Follow the bouncing (tech) ball
Some say “leapfrog.” Tennis terms are better. Technology serves an update. The return can be a lob, or it could be a rocket. But there is always a return. No aces. Then another serve, then another return.
It really could be a sport, this one-upping the permeates our daily lives.
This month, with limited fanfare, the three elected members of the Mississippi Public Service Commission have been traversing the state to encourage people to enroll in the new and improved “No Call” service.
What’s new and improved? As a weapon against telemarketers, we’ve been able to enroll our wired phones in the state (and federal) no-call database since 2003. In 2015, the Legislature expanded the law to cell phones. (The feds had already done this.)
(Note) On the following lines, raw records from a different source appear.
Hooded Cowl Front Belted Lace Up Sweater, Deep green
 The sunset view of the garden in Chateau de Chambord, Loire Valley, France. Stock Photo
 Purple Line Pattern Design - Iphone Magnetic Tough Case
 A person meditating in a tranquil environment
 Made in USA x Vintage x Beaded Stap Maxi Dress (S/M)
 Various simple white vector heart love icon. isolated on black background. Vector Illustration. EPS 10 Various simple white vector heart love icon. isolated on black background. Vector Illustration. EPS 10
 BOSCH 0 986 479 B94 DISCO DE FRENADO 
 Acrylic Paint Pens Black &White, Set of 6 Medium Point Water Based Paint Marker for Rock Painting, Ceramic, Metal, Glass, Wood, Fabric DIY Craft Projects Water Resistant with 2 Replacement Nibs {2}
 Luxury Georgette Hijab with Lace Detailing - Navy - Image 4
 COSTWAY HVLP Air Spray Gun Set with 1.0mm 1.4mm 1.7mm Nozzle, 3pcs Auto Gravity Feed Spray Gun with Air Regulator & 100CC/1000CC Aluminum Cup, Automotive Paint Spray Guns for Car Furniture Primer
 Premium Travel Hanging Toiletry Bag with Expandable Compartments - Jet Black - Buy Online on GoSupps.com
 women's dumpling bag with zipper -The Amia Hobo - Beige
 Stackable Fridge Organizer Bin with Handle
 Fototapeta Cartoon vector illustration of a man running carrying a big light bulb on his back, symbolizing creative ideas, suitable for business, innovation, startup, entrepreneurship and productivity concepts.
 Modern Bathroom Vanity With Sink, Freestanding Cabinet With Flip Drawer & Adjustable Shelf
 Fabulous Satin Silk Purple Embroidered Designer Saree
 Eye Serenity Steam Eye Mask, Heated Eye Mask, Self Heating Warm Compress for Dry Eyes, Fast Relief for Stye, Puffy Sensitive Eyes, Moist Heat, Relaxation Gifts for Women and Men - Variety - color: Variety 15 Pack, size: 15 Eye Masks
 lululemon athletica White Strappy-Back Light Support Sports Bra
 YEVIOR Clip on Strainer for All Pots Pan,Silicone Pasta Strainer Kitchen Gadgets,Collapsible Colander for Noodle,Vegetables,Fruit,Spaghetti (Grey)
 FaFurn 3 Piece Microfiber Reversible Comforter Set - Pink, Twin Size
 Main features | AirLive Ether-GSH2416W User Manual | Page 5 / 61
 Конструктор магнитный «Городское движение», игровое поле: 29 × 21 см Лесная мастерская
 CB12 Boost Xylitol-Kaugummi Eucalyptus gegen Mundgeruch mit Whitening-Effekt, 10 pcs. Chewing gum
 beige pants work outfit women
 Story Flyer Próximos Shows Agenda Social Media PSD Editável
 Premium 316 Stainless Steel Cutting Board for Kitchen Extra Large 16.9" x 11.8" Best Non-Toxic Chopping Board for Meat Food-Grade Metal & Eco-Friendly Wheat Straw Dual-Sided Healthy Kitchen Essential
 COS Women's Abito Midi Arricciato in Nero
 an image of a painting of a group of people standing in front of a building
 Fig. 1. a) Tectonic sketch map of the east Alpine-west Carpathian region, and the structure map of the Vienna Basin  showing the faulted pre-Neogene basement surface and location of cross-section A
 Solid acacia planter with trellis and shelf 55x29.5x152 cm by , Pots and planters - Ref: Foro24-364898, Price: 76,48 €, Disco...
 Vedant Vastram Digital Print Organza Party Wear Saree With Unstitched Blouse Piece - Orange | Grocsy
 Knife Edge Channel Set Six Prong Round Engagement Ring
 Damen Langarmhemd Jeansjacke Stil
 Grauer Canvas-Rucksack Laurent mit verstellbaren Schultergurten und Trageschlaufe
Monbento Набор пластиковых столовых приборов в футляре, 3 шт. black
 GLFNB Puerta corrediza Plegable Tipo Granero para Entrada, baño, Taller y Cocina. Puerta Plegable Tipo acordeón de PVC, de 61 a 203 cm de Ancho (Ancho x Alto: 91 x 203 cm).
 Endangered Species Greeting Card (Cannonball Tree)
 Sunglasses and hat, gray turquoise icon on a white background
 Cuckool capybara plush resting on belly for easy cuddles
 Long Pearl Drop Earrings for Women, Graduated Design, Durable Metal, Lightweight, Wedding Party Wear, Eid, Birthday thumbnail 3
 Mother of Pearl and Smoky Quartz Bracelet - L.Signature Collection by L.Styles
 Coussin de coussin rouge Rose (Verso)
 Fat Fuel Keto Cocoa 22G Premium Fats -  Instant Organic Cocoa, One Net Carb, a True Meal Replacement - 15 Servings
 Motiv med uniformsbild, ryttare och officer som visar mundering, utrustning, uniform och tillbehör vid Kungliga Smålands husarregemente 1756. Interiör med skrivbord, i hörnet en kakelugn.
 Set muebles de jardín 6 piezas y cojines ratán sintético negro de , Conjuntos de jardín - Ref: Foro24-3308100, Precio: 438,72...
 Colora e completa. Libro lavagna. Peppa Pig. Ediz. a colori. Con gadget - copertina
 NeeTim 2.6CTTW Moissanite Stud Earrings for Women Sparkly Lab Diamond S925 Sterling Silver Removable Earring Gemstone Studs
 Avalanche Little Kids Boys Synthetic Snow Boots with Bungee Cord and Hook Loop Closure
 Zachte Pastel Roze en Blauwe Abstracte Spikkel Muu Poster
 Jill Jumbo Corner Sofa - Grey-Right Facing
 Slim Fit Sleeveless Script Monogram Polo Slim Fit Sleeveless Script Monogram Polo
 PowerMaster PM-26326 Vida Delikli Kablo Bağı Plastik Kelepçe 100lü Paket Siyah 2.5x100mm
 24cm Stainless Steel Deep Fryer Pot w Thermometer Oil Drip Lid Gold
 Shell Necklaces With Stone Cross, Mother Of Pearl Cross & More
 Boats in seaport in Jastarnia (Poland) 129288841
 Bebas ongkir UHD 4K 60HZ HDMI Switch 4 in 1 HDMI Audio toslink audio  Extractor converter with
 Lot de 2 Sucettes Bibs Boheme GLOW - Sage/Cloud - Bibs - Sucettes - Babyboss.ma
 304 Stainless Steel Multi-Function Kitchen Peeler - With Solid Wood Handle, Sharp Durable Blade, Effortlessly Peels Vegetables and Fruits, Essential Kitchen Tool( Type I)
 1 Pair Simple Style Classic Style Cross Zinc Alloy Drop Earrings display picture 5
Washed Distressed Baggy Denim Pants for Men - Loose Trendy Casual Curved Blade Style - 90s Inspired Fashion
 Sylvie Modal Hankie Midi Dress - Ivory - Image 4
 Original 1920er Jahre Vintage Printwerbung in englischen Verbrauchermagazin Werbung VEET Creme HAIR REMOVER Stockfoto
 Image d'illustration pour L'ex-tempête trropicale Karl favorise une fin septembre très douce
The techno-history is fun.
In the late 1980s, phone companies started pitching the idea of Enhanced 911 emergency services. Centralized dispatching had been around since 1970 — meaning people no longer had to dial the police or the sheriff or the highway patrol or the fire department or the ambulance service separately. Digital technology added a big plus — dispatchers could instantly see the address connected to the phone from which a call was being placed. Customer bills were increased to pay the big fees phone companies charged for access to proprietary data, but that’s not relevant here. This was Flash Gordon stuff. People got service faster. That’s what mattered.
Anyway, in rapid fashion Caller ID became available to all. Not such a big deal. Today, it’s ho-hum to know who is calling. Back then it was an absolute marvel.
About the same time, computer-driven dialing (robo-calling) technology was developed. It was a bonanza for sellers of goods and services — or so they thought. Phone owners who didn’t purchase Caller ID were at their mercy. Phone owners who did purchase Caller ID were soon offered another purchase — Call Blocking — so calls from identified sources would be rejected.
See? Each development begets another development. Back and forth.
Congress had already taken some baby steps in 1991 with the Telephone Consumer Protection Act, so it was no big deal to add a No Call requirement and then to extend it, as Mississippi and most states have, to cell phones.
A pause here to mention the PSC. The members, Brandon Presley from the Northern District, Cecil Brown from the Central District and Sam Britton from the Southern District don’t get much notice, but they should. PSC members were best known for a long time for rubber-stamping anything any utility company wanted. That’s no longer true. Presley, Brown and Britton strike fear in the hearts of the big players. They are fair, but deal at arms-length. It’s kind of a novelty, really.
Back to the phones.
Cell phones, like wired phones, now almost always come equipped with technology to show who is calling and to block calls from identified numbers. One answer from the creative (sneaky) minds in telemarketing has, to date, been to place calls from a variety of numbers. The same company selling the same thing might call from a Nebraska number, then Montana, then California. In theory, the company would not be able to use this dodge if a cell number is on the no-call list.
There are exceptions, of course. Political organizations, charities and telephone surveyors are not required to screen out numbers on the lists. Yes, Donald will be calling, as will Hillary. So will pollsters, as well as advocates for Donald or Hillary who try to sound like pollsters.
The most common exception is “existing business relationship.” No Call does not apply to any entity with which a person has had a commercial exchange in the past 18 months. (There’s a really sneaky end run in this context. If a person receives an email, say, from a vacation club, opens it and asks or answers any question the person has established a business relationship and can be called 20 times a day.)
So let the game continue.
In this and so many other contexts — some pretty serious (identity theft) and some not-so-serious (video game cheats) — one advance leads a protective response. Think about all the software writers and computer programmers who go to work every day with one goal: outfox the other guys.
Just as at a tennis match, we’re on the sidelines. We watch and (when we’re not cursing) we marvel.